A fix for the nigerian prison crisis

To solve the nigerian prison problem (overcrowding, imprisonment without trial), I believe that the government should look to the past. Prisoners convicted of crimes who will serve 10 years or more, and who are physically fit should be transferred to help build a prison village, on land that will be purchased in the grasslands of Nigeria. These prisoners should physically and manually build a new and huge prison complex in an isolated area. As they build, they are hosted there, and new prisoners continue to build and expand the complex. Prisoners within the prisons are put to work on simple but productive tasks, like making jeans, binding books, etc. The prison acts as a human factory.
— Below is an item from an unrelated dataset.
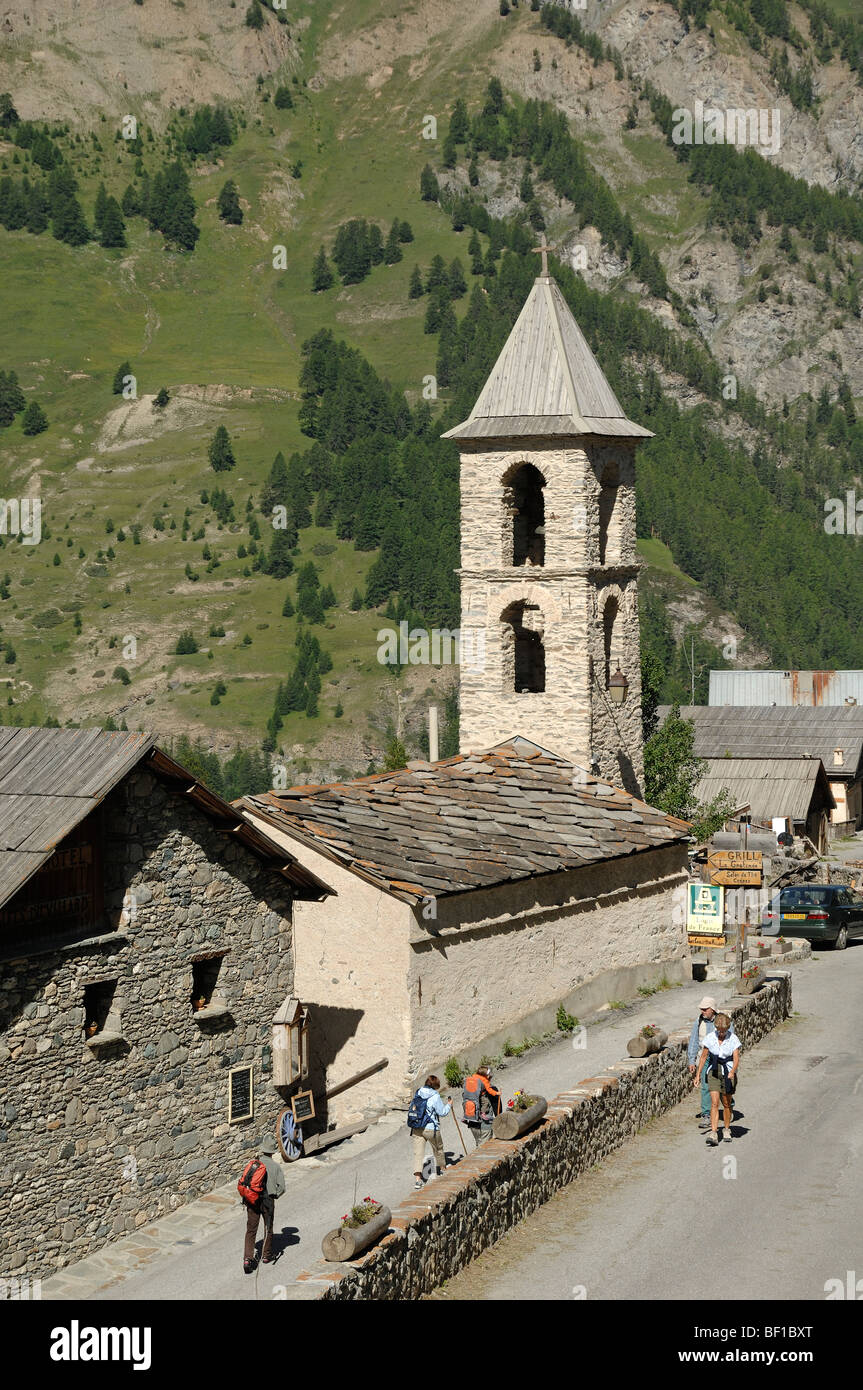 Touristes ou marcheurs à pied devant l'église protestante Saint Véran ou Saint-Véran Hautes-Alpes Queyras Parc naturel régional Alpes françaises France Banque D'Images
The area should be dotted with many different and separate prisons, and everyday the prisoners go out and build new prisons. In the same area, there would be a heavy security presence to prevent break-outs, and also several court of appeals, as well as hotel hosting for civilian and NGOs that want to address the issues of people wrongly imprisoned. Prison records should be possible and checkable. When people have faith that criminals stay in prison, they are more likely to deliver them to the police.

There will also be rehabilitation centers built in the same area (these are to be private), that should help train newly released prisoners. Overtime, a new town should develop beside the prison complex that should pull in many of the ex-cons, and give them an alternative to going back to their old haunts and their old activities.